**Task brief**
Give the data again exactly, without its images.

··· Input data ···

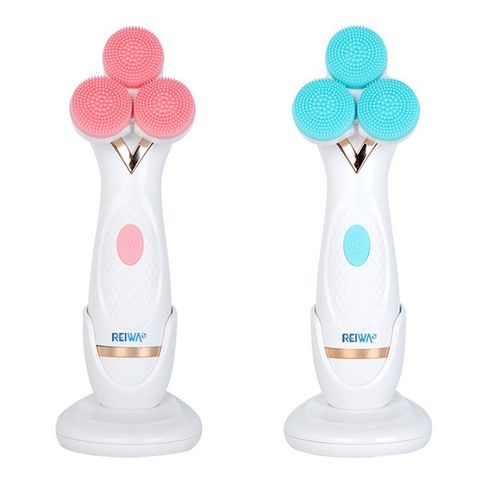 Máy rửa mặt massage Reiwa WT-222-2 - 2 cấp độ, công nghệ Nhật Bản, 3 đầu chải dễ dàng làm sạch, phù hợp cho mọi loại da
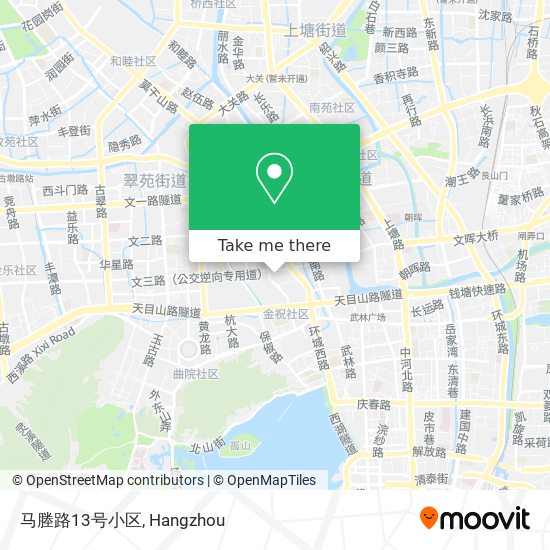 马塍路13号小区 map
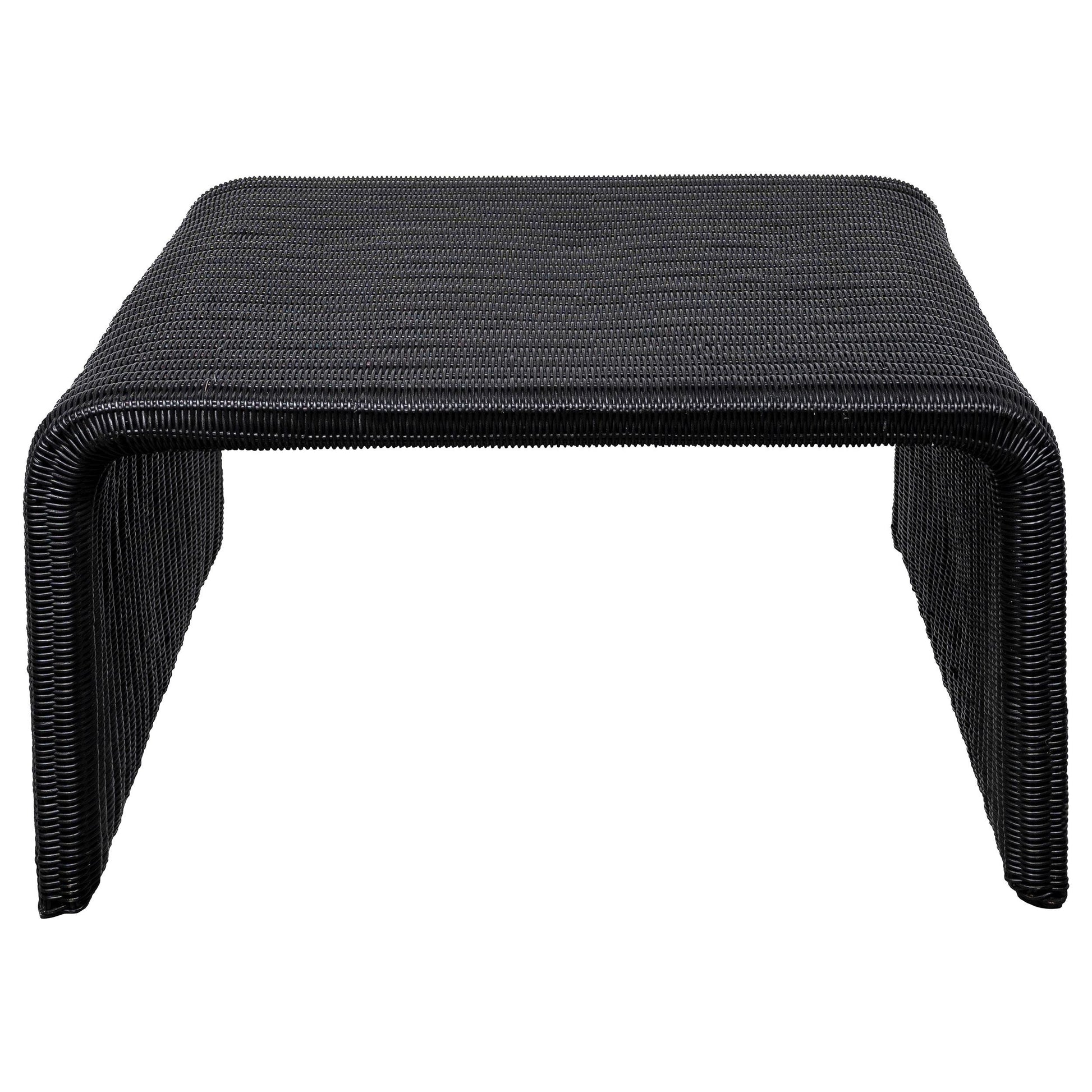  Coaster Furniture Cahya 708518-S3 3-piece Rattan Coffee and End Table Set - Black IMAGE 4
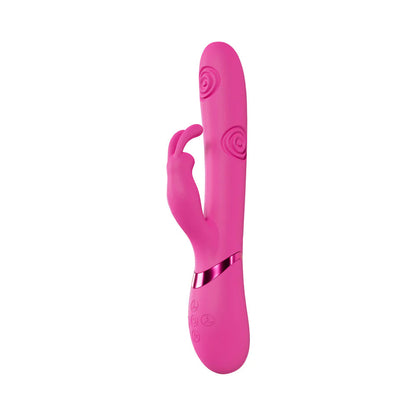 VIVE Mimi Rechargeable G-Spot Vibrating and Tapping Rabbit Pink SHOTS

···

**Completed exercise**
 Máy rửa mặt massage Reiwa WT-222-2 - 2 cấp độ, công nghệ Nhật Bản, 3 đầu chải dễ dàng làm sạch, phù hợp cho mọi loại da
 马塍路13号小区 map
  Coaster Furniture Cahya 708518-S3 3-piece Rattan Coffee and End Table Set - Black IMAGE 4
 VIVE Mimi Rechargeable G-Spot Vibrating and Tapping Rabbit Pink SHOTS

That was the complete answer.